The Association of Southeast Asian Nations (ASEAN), founded 42 years ago, was created to provide a framework to advance regional stability in Southeast Asia at a time when the withdrawal of colonial powers had created a vacuum. This placed the newly independent states of the region in danger of succumbing to ethnic strife and communist insurgencies. Since the conclusion of the Cold War, ASEAN has embarked on a series of free trade initiatives, linking it to some of the Asian-Pacific regions most dynamic economies.

Over the last decade, ASEAN has negotiated free trade agreements (FTA) at breakneck speeds, signing deals with Japan, Australia, and New Zealand. It is also in the process of negotiating FTAs with India, South Korea, and China. The deal with China has garnered much attention, because it will create the third largest common market by trade volume, with a population of 1.8 billion and a US$2 trillion Gross Domestic Product (GDP). This will not only be the world’s largest FTA, but it will also possess a growth potential that is unparalleled.
ASEAN’s relationship with China has changed dramatically over the past four decades. At one time, Chinese sponsored communist insurgencies were one of the greatest threats to the security of Thailand, Malaysia, and, Cambodia. Even after these conflicts ceased, there was lingering suspicion on both sides. ASEAN has shown considerable enthusiasm for a Sino-ASEAN FTA, but its nigh inevitability has not quieted all concerns within the region over the growing power of China in Southeast Asia.

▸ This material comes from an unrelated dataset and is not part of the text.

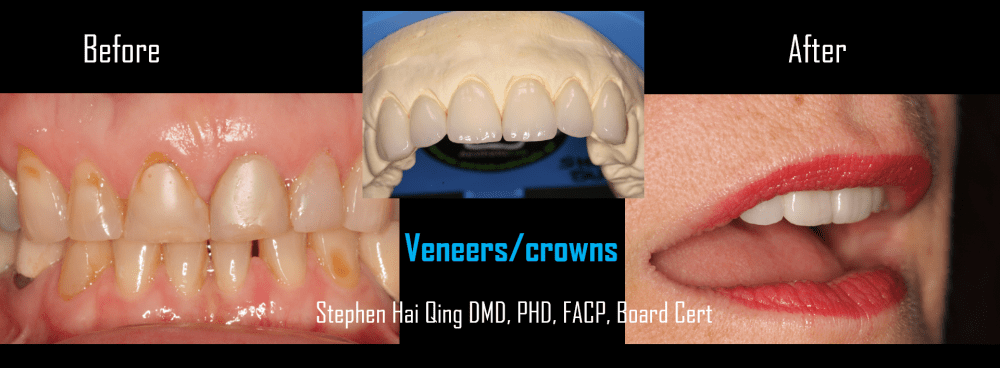 Cosmetic Ceramic Veneers patient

ASEAN’s recent FTA activity has led to further economic integration, because members have come to release that the lack of centralized authority has damaged cohesiveness and efficiency. In 1992, the ASEAN signed an internal FTA. At the time, ASEAN had six members, Brunei, Indonesia, Malaysia, Philippines, Singapore and Thailand. By the end of the decade three more members ascended, Vietnam in 1995, Laos and Myanmar in 1997, and Cambodia in 1999. ASEAN hoped the synergy generated between member-states would lead to greater competitiveness for their goods on the global market and attract more FDI to region to spur further economic development.
Never intended to be a political or economic union, ASEAN has been a collaborative body used to facilitate dialogue and consultation between sovereign nation-states. Rather than comparing it to the present day European Union, it is more instructive to compare it to 18th and early 19th century Europe, while remaining cognoscente that Southeast Asia is vastly more diverse culturally, religiously, politically, and economically. Europe in comparison appears ethnically homogenous and politically and economically uniform.

In December of 2008, the ASEAN Charter, was ratified by members and became legally binding. This was not only an effort to increase regional integration, but also to reaffirm the shared belief in national sovereignty and non-interference in the internal domestic matters of member-states. As a result, unlike the EU, ASEAN does not apply a common external tariff on imported goods. The ASEAN Secretariat does have authority to monitor compliance with the Charter or the AFTA, but has no legal authority to enforce member-state compliance, although it may aid in efforts to mediate disputes between states. Most disputes are still resolved through informal bilateral means. ASEAN does have the ability to issue resolutions on conflicts, which have the power of an advisory opinion. The ability to issue opinions on conflicts is an evolutionary step for the organization. ASEAN has come to a point where the policy of non-interference intersects interdependence and the organization has decided that sovereignty is not a zero-sum game.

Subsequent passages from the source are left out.